我们看到，域是给定符号 l1, l2, ... 和符号 c1, s1 等中的有理数 QQ 上的多项式环，我们刚刚替换了 cos(theta1), sin(theta1), ...。

现在在求解的 1.7 实现中，将在相应的场（而不是环）上构建增广矩阵，并且系统将使用高斯消元法求解，仅使用基本的旋转（这里有改进的空间）。

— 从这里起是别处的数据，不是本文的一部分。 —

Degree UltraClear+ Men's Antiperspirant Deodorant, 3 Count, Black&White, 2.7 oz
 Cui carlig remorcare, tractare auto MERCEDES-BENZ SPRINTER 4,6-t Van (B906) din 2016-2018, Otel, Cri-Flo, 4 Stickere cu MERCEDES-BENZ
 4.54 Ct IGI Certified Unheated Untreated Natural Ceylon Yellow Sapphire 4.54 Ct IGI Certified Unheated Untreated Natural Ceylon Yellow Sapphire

由于这是一个方形系统，因此有一种可能更有效的替代方法。首先我们计算系统的特征多项式：

In [10]: %time p = dM.charpoly()
CPU times: user 1min 2s, sys: 1.56 s, total: 1min 4s
Wall time: 1min 8s

特征多项式的系数表达式很复杂，但基于 Berkowitz 算法相对较快： https://en.wikipedia.org/wiki/Samuelson%E2%80%93Berkowitz_algorithm

现在我们可以使用特征多项式和矩阵向量乘法来求解线性系统。为此，只需使用原始矩阵M 就很方便，因此我们不需要将域与b 统一。首先，我们将特征多项式的系数转换回正常的 sympy 表达式（来自环）：

In [15]: ps = [dM.domain.to_sympy(pi) for pi in p]

In [18]: sol = ps[0] * b

In [19]: for n in range(1, 17):
    ...:     sol = M*sol + ps[n]*b
    ...: 

In [20]: sol = sol / (-ps[17])  # Divide by the determinant

我可能在这方面犯了一个错误:)所以如果你打算使用这样的东西，也许值得在一个更简单的矩阵上检查这些计算。

尽管有一个重要的警告，但最终结果应该是一个解决方案。用符号 c 和 s 替换 sin(theta) 和 cos(theta) 忽略了这些在代数上依赖的事实，因为 c**2 + s**2 = 1。可以构建一个可以考虑这种代数依赖性的多项式域，并且它实际上可能更有效，因为会进行中间简化（例如，可以减少 c 的任何幂）。由于这种技术不涉及选择枢轴，唯一的风险是我们可能没有意识到行列式 ps[17] 何时为零。

上面显示的操作在我的计算机上总共需要大约 2 分钟或更短的时间。然而，最终结果以巨大的表达形式出现。如果我们在域中完成了sol 的最终构造，计算会更慢，但我们最终可能会得到更简单的最终结果。并非所有部分都在 1.7 中实现，但我可以轻松地向您展示该计算。